Perlite Vs Pumice: The Option Chosen

Even though the two are great, we still have one clear winner. So, our pick is pumice! Pumice is an excellent option especially in enhancing the soil in your succulent.

Conclusion – Perlite Vs Pumice

Both perlite and pumice are great for soil amendments in your garden. They will both enhance soil aeration and drainage for your succulents, cacti, and other plants.

However, pumice is of greater option because it is long-lasting, doesn’t decompose easily, will hold your heavy plant steady, and so on.  The main downside to pumice is that it’s a bit more pricy than perlite, and not as easily accessible.

All in all, you should go for the one that will suit your needs and plants best.


What’s the difference between pumice stone and perlite?

Pumice is a volcanic rock that contains many small air pockets. It can be used as a light weight, inexpensive, effective insulation material. Perlite is a lightweight, expanded, non-combustible glassy volcanic rock with excellent insulating properties. Both are used for insulation in building construction. Pumice is often used as a form of insulation because it is soft and easy to work with.

The most common use of pumice is in the production of lightweight building materials. These include lightweight concrete blocks and panels. Pumice is also used as an aggregate in asphalt. It is also used for decorative purposes in garden and outdoor applications. When pumice is combined with water, it becomes a hydraulic cement.

Pumice is pretty good but if you get it from the hardware store it's often dusty and has grit in it. It's not as fine as perlite.The grit can be dangerous in certain applications so I'd avoid  using it unless you have to.

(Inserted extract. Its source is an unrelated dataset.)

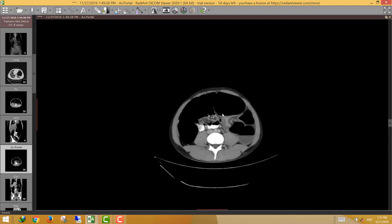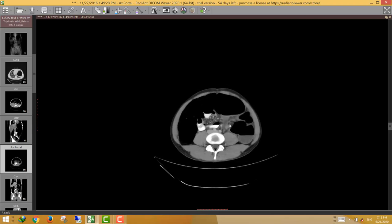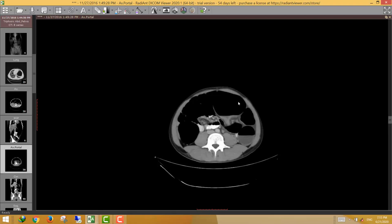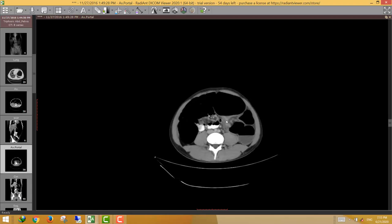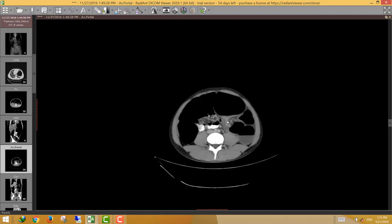At the transitional zone, look for the cause of obstruction — a mass or mural thickening. In this case there is no definite obstructing lesion, but there is an abrupt caliber change at the site of obstruction.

Perlite is much finer than pumice. It is also naturally non-toxic. You'll need to test it with a magnet and a metal detector. If you find any iron or other metals, then don't use it. It could give off harmful fumes when burned.

Can I use pumice instead of perlite?

Yes, it is possible. Pumice has a higher water content than perlite, so you may need to increase the amount of fertilizer you use. Pumice has a low level of nutrients, so you will need to fertilize your plants. It also doesn't contain any harmful chemicals. You can use pumice as a soil conditioner, too. Pumice is one of the best soils for growing plants.

Pumice is used to create a rich, fertile soil by adding it to topsoil. It is said to improve drainage and to prevent the collapse of the soil structure.

It is also used as a mulch for plants that prefer cooler temperatures, such as strawberries, tomatoes, and peppers.

Pumice is a great material for weed prevention. It keeps the soil loose and aerated, which helps to keep weeds from growing. If you are having problems with weed growth, try using pumice.

Is pumice better than perlite?

I have used both, and they work about the same. They both will absorb water, and they both are fine.

The only difference is that perlite absorbs water more quickly than pumice, so if you're starting a seedling from seed, use pumice instead of perlite. You can also buy hydroponic soil mix. It comes in a bag with nutrients already added. You'll probably want to add some fertilizer as well, but that's up to you.